**What you should do**
Transcribe the listing below from its opening line up to and including the line that contains "Audi A6 S6 C5"; reproduce nothing else.

**Data section**
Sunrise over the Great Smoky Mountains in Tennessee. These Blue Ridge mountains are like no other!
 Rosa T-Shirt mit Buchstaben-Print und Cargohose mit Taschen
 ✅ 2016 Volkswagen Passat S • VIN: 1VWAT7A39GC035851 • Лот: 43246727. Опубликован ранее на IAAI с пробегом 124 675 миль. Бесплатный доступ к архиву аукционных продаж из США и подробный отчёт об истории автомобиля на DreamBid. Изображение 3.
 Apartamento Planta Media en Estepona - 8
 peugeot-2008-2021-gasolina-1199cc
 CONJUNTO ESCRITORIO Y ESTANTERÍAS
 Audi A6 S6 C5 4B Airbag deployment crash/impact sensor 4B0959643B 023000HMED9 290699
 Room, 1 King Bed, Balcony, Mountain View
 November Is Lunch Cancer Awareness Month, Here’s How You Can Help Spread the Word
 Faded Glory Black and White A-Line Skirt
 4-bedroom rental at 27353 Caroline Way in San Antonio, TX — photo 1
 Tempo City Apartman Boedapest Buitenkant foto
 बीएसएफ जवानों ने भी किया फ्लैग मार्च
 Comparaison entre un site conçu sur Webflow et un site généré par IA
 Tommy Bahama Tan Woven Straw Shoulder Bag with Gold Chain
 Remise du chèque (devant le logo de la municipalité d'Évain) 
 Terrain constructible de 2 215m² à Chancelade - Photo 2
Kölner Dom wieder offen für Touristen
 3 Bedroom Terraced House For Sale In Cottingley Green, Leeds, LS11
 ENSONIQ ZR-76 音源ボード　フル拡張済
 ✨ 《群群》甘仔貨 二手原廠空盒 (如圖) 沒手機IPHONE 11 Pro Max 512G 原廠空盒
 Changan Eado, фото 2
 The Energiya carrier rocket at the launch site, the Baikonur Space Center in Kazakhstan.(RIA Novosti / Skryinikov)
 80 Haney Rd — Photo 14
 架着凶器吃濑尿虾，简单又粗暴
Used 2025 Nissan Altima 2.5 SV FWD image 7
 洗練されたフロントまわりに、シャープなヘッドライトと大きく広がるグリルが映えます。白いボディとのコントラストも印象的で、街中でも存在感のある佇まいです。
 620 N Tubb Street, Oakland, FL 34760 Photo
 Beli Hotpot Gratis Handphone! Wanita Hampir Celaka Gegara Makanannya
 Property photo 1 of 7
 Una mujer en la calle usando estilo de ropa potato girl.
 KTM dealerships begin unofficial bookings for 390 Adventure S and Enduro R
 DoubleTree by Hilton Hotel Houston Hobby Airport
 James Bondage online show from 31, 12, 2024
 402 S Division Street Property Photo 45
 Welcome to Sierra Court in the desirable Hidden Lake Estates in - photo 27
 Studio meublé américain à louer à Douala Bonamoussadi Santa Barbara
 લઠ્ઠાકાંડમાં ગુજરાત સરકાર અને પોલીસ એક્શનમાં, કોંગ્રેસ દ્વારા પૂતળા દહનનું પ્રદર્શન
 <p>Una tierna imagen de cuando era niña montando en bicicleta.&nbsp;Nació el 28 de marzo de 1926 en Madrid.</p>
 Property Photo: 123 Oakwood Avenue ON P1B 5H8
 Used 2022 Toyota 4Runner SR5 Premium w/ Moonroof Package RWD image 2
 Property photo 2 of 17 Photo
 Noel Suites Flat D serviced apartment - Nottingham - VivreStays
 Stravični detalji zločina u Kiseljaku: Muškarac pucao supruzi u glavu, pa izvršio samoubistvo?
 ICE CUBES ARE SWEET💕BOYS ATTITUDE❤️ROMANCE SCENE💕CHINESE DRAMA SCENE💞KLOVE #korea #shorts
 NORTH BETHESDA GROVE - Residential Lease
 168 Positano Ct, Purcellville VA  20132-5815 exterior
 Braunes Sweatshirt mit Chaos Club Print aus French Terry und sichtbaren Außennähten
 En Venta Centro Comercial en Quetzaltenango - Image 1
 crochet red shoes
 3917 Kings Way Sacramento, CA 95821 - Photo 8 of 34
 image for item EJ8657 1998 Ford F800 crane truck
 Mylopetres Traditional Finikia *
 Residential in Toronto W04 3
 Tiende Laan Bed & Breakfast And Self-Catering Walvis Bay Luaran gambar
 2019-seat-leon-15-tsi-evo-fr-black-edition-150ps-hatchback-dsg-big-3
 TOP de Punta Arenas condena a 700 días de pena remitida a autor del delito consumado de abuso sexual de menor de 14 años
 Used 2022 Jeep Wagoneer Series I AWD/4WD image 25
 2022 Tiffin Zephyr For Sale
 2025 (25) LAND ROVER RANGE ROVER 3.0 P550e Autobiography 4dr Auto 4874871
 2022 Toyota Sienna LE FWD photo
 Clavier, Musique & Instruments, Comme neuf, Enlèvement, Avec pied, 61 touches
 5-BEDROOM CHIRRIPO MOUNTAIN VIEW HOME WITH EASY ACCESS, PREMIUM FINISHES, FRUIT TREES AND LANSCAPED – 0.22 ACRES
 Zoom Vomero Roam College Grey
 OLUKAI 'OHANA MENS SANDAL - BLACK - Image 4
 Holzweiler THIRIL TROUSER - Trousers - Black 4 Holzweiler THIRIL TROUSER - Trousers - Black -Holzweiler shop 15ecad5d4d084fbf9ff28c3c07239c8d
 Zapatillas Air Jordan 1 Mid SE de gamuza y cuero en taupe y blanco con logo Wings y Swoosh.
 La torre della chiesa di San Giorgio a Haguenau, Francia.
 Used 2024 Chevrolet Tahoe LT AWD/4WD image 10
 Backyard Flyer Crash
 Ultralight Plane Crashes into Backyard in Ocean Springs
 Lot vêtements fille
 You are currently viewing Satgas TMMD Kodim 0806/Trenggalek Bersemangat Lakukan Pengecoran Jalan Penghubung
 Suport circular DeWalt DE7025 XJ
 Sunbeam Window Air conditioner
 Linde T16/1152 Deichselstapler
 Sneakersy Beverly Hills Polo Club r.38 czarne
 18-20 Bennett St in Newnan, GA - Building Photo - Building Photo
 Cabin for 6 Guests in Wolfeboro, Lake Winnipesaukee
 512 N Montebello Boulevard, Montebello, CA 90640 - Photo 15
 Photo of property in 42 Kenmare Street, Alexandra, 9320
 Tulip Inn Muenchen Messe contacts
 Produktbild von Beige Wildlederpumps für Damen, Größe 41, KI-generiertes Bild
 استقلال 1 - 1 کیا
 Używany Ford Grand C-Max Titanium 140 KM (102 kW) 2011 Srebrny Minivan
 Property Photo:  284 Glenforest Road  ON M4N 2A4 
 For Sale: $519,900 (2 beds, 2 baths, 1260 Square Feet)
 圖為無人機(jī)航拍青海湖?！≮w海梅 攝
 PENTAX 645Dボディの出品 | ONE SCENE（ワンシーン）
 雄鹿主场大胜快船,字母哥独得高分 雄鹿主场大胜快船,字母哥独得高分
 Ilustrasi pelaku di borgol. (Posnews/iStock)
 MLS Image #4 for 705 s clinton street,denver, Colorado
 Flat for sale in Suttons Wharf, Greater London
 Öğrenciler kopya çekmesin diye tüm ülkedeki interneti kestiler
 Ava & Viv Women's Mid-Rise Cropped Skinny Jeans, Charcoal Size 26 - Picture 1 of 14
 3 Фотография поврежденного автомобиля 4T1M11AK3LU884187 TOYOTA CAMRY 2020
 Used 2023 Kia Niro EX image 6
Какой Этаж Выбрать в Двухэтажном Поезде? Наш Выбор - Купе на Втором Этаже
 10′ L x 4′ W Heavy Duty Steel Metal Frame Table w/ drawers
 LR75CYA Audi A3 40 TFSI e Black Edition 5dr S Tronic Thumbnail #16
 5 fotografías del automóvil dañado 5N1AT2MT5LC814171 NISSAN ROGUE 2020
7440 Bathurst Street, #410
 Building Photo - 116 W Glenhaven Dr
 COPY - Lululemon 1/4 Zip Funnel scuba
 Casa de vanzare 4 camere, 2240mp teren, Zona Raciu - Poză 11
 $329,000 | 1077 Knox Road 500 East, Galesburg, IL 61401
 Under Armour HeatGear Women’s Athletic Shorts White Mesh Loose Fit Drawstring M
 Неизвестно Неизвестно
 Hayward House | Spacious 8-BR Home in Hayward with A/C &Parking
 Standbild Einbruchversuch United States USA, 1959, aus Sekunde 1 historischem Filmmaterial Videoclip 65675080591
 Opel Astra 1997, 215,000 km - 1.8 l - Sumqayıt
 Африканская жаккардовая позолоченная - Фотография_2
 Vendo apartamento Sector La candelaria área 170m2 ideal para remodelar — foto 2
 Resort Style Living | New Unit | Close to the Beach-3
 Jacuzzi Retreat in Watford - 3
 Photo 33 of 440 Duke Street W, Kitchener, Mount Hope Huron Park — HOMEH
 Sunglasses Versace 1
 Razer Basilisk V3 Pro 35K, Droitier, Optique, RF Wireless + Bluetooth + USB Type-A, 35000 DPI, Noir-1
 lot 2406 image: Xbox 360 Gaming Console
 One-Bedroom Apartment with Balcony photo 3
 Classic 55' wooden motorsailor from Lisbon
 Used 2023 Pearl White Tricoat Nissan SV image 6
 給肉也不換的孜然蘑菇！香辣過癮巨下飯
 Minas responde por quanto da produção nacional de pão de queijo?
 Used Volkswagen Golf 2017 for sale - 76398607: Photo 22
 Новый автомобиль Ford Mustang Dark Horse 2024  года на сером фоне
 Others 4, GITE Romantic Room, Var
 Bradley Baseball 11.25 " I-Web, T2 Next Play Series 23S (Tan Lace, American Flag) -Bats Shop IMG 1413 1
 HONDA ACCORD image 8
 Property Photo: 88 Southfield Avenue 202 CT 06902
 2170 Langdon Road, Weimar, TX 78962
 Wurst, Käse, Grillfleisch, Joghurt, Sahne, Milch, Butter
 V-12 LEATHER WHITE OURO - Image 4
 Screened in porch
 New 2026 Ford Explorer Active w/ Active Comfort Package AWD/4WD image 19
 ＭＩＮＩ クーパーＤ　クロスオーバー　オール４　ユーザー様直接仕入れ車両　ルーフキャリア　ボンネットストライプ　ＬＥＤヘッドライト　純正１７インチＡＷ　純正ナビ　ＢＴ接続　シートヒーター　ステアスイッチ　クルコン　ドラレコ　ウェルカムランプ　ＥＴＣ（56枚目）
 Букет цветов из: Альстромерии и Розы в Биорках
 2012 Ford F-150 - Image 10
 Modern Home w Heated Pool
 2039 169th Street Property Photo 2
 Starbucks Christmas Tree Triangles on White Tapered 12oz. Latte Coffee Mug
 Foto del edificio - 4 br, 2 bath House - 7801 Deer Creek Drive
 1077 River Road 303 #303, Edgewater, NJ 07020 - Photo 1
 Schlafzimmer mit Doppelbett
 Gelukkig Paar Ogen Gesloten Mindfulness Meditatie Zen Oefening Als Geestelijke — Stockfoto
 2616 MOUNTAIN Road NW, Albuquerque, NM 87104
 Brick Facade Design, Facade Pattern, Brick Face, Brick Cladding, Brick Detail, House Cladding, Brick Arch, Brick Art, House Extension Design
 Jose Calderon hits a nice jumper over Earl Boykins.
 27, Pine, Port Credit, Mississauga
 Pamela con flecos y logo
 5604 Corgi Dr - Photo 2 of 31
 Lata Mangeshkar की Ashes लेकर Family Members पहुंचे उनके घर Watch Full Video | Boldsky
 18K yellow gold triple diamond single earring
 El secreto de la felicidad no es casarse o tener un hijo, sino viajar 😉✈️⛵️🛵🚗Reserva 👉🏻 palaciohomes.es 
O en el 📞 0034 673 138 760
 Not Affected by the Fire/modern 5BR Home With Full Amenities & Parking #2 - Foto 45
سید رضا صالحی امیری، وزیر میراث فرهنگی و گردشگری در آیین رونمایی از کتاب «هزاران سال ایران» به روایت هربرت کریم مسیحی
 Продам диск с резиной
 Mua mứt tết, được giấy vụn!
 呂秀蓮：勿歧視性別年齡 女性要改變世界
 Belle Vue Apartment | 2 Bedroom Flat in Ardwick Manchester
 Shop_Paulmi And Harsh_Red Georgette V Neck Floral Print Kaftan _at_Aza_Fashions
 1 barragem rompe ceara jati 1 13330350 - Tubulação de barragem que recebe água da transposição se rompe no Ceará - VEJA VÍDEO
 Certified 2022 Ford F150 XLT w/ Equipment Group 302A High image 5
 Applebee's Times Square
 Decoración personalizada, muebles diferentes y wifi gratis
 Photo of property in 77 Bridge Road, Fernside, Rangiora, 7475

**Solution to this exercise**
Sunrise over the Great Smoky Mountains in Tennessee. These Blue Ridge mountains are like no other!
 Rosa T-Shirt mit Buchstaben-Print und Cargohose mit Taschen
 ✅ 2016 Volkswagen Passat S • VIN: 1VWAT7A39GC035851 • Лот: 43246727. Опубликован ранее на IAAI с пробегом 124 675 миль. Бесплатный доступ к архиву аукционных продаж из США и подробный отчёт об истории автомобиля на DreamBid. Изображение 3.
 Apartamento Planta Media en Estepona - 8
 peugeot-2008-2021-gasolina-1199cc
 CONJUNTO ESCRITORIO Y ESTANTERÍAS
 Audi A6 S6 C5 4B Airbag deployment crash/impact sensor 4B0959643B 023000HMED9 290699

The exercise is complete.